AI Across Federal Agencies: Acceleration, Caution, and a Playbook for Doing It Right
AI isn't just hitting the private sector. It's moving fast inside government, too.
The Washington Post reported 2,987 uses of AI across the executive branch last year, with hundreds labeled "high impact." NASA jumped from 18 reported applications in 2024 to 420 in 2025. The Department of Health and Human Services, overseen by Robert F. Kennedy Jr., now reports 398 uses, up from 255. The Department of Energy and the Commerce Department also saw major increases after the White House moved in April 2025 to clear barriers to AI adoption.
Concerns You Shouldn't Ignore
Rapid adoption raises familiar risks: bias, hallucinations, and the memory of a chaotic AI-enabled overhaul tied to the quasi-official Department of Government Efficiency during Elon Musk's brief orbit near power. The fear isn't abstract-bad rollouts hit real people.
"It's not clear using AI for most government tasks is necessary, or preferable to conventional software," says Chris Schmitz of the Hertie School. Legacy systems tempt "quick wins" that act more like Band-Aids than real modernization.
Why Smart Experimentation Still Matters
Others argue that tested, careful use of AI can be responsible governance. "We never really properly moved government into the internet era," says Jennifer Pahlka, a former U.S. deputy CTO. That gap shows up as delayed services and unmet public needs.
Pahlka's point is simple: it's early, so testing is appropriate-if you build tight feedback loops. "You want ways of experimenting that give you clear and effective feedback, so you catch problems before broad rollout."
Denice Ross, a former White House chief data scientist, adds the non-negotiable: evaluate rigorously. "Collect and analyze data about how [a tool] performs, and the outcomes for different populations." If you can't measure impact, you can't claim it works.
What Federal Leaders Should Do Now
- Start with the problem, not the tool. If conventional software solves it, use that. AI is a poor fix for broken processes.
- Run small, time-boxed pilots. Clear goals, documented risks, pre-defined exit criteria. No endless experiments.
- Build feedback loops. Human review, user testing, red-teaming, and measurable service outcomes before scaling.
- Measure equity impacts. Disaggregate outcomes by population. Flag gaps fast and pause if harm appears.
- Adopt a risk framework. Use recognized guidance such as the NIST AI Risk Management Framework (NIST AI RMF) and OMB direction (M-24-10).
- Protect data. Lock down PII, set retention limits, require clear data-use terms, and audit vendor handling.
- Document everything. Model cards, intended use, known limits, evaluation results, human-in-the-loop steps.
- Train your workforce. Teach prompt craft, review practices, and risk basics. For role-based upskilling, see courses by job.
- Update procurement. Require audit rights, incident reporting, content provenance, and the ability to switch or turn off models.

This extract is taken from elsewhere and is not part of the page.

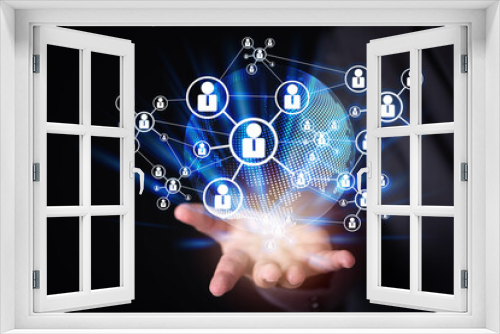 businessman hand holding virtual structure networking people connection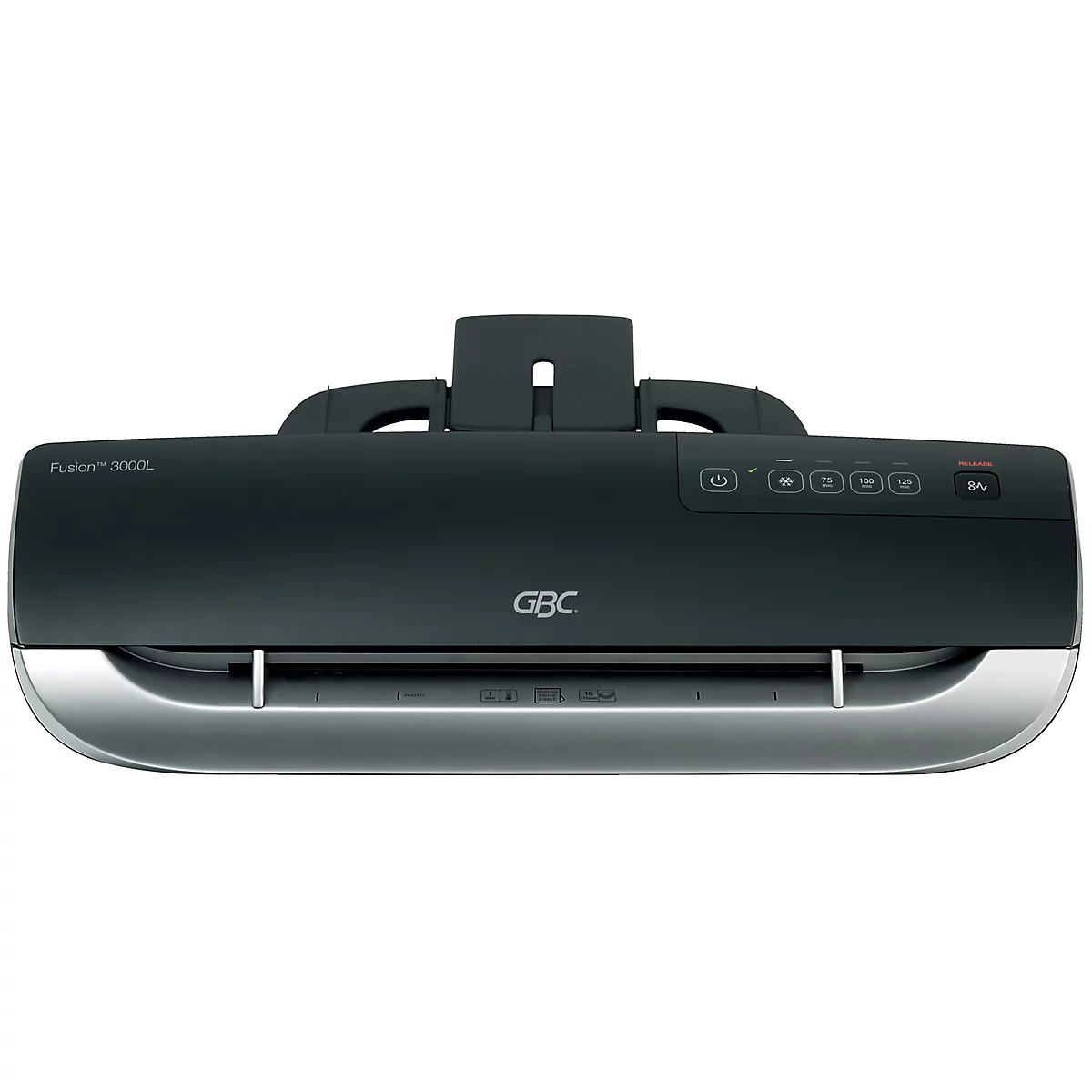 Schwarzes GBC-Laminiergerät, Fusion 3000L, mit silberner Front. Oben befinden sich Bedienelemente.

- Plan for incidents. Create a clear path to report failures, pause systems, notify affected users, and ship fixes.
Where AI Adds Real Value Today
- Summarization and triage. Case notes, complaints, and comment intake-route to the right queue faster with human checks.
- Search over large records. Retrieval-augmented search on public guidance and internal knowledge bases.
- Developer productivity. Code suggestions, test generation, and documentation (with review and logging).
- Anomaly spotting. Fraud indicators, duplicate records, and data quality flags-always with analyst oversight.
- Language access. Translation and plain-language drafts, reviewed by qualified staff.
Guardrails for Sensitive Decisions
- Keep humans in the loop for benefits eligibility, enforcement actions, and determinations that affect rights or liberty.
- Explain decisions. Provide reason codes, source documents, and a clear appeals path.
- Records and transparency. Log prompts, model versions, and outputs to meet records and FOIA obligations.
- No shadow deployments. Use ATO pathways and security reviews; publish an AI use inventory with risk tiers.
- Vendor accountability. Require red-teaming results, bias testing, and model update notifications before changes go live.
A 90-Day Plan You Can Execute
- Days 1-30: Pick two low-risk use cases. Define success metrics, risks, and human review steps. Set up logging and privacy controls.
- Days 31-60: Pilot with a small user group. Run red-team tests. Compare outcomes across populations. Fix or exit.
- Days 61-90: If metrics hold, expand carefully. Publish a one-page model card, impact summary, and contact for issues.
The Bottom Line
Adoption is accelerating. The question isn't "AI or no AI," it's whether agencies use it with discipline, transparency, and measurable benefit.
Experiment-yes. But do it with guardrails, clear outcomes, and the humility to stop what doesn't work. That's how AI actually helps government serve people better.